Thanks, I'm glad you like dlib.

Yes, you can find that out. Look at the code. It's trivially available information in the example program.

Sobhan Mahdavi said...

Hi dear Davis, thank you very much for your works,
The mmod_human_face_detector is a great model. As you mentioned, your face detector for preprocessing of face recognition is HOG-based frontal face detector.
Can I use dnn face detector model in face recognition and have the same performance?

Davis King said...

You can use any detector so long as you are able to align the faces the same way. To do this with the CNN model you need to use the 5-point face landmarking model released with the newest dlib. When using the 5-point model you can use either the CNN or HOG face detector and they will both give the same performance.

Sobhan Mahdavi said...

Dear Davis, Thanks for your quick reply
I used CNN model with 5-point face landmarking, but I have an error:

Error detected in file c:\dlib\dlib\image_transforms/interpolation.h.
Error detected in function struct dlib::chip_details __cdecl dlib::get_face_chip_details(const class dlib::full_object_detection &,const unsigned long,const double).

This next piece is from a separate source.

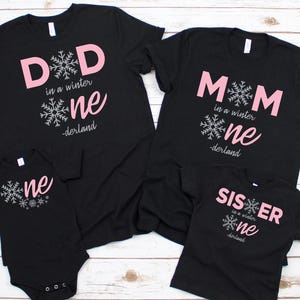 Winter ONEderland Birthday Shirts, Family Snowflake Birthday Shirts, Pink and Silver Snowflake First Birthday Party, Winter Onederland Theme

Failing expression was det.num_parts() == 68.
chip_details get_face_chip_details()
You must give a detection with exactly 68 parts in it.
det.num_parts(): 5

The code is here:
auto shape = sp(img, det);
matrix face_chip;
extract_image_chip(img, get_face_chip_details(shape, 150, 0.25), face_chip);
face = move(face_chip);
matrix face_descriptor = net(face);

Can you help me?

Davis King said...

Think about it. You are trying to use a model that wasn't created until dlib 19.7, but you are using an older version of dlib. How can that work?

Mayur Patel said...

Hello Davis
i have installed CUDA then compiled dlib and opencv its working complete. i want to know if "dlib.face_recognition_model_v1.compute_face_descriptor" function utilizing CUDA?if not i have to write wrapper for python? or something like that. bcz i have to performance diff before and after installation of CUDA?
Thank you.

Davis King said...

dlib.face_recognition_model_v1.compute_face_descriptor uses CUDA.

Mayur Patel said...

but there is no speed diff after and before compiled with CUDA? does it mean that CUDA makes not difference in this function?

Davis King said...

Look at the CMake output when dlib is built. It will tell you if it's using CUDA or not.

Duc Vo said...

hi Davis,

I found out this line of code: std::vector> face_descriptors = net(faces); takes most time. Each face image will takes around 300ms to convert into face descriptor. Any chance to reduce that?

Thanks.

Davis King said...

Be sure to link to the Intel MKL if running on the CPU, or even better, use a fast GPU.

Duc Vo said...

Yeh I compiled with CUDA and it runs faster now. Thanks :)

Mayur Patel said...
This comment has been removed by the author.
Mayur Patel said...

hi Duc how much time it takes now after compiling with cuda? mine is 170ms after and before cuda but in both cases with Intel MKL how much yours now?

Duc Vo said...

This line of code

std::vector> face_descriptors = net(faces);

takes 0.44 seconds on 17 faces so it is around 23ms per face. My GPU is Nvidia 870M GTX.

Cheers,

Mayur Patel said...

which compiler you used? and platform is windows? and how did you compiled with cuda can you tell me?

Duc Vo said...

I compile on Linux.

The standard way to compile is to use Cmake as recommended by Davis. I first run cmake-gui to enable DLIB_USE_CUDA, and other options like DLIB_JPEG_SUPPORT, DLIB_PNG_SUPPORT, etc... After that just run following commands( refer here: http://dlib.net/compile.html )

cd examples
mkdir build
cmake-gui ( this is when you enable CUDA as mentioned above )
cd build
cmake ..
cmake --build . --config Release

Good luck.

ps: you said it takes 170ms, which is per face or on the whole vector of faces?

Mayur Patel said...
This comment has been removed by the author.
Mayur Patel said...
This comment has been removed by the author.
Ashok Bugude said...

Hi Thanks for the great work

Can I please know if there is any way to get the names of the person for each of clustered group.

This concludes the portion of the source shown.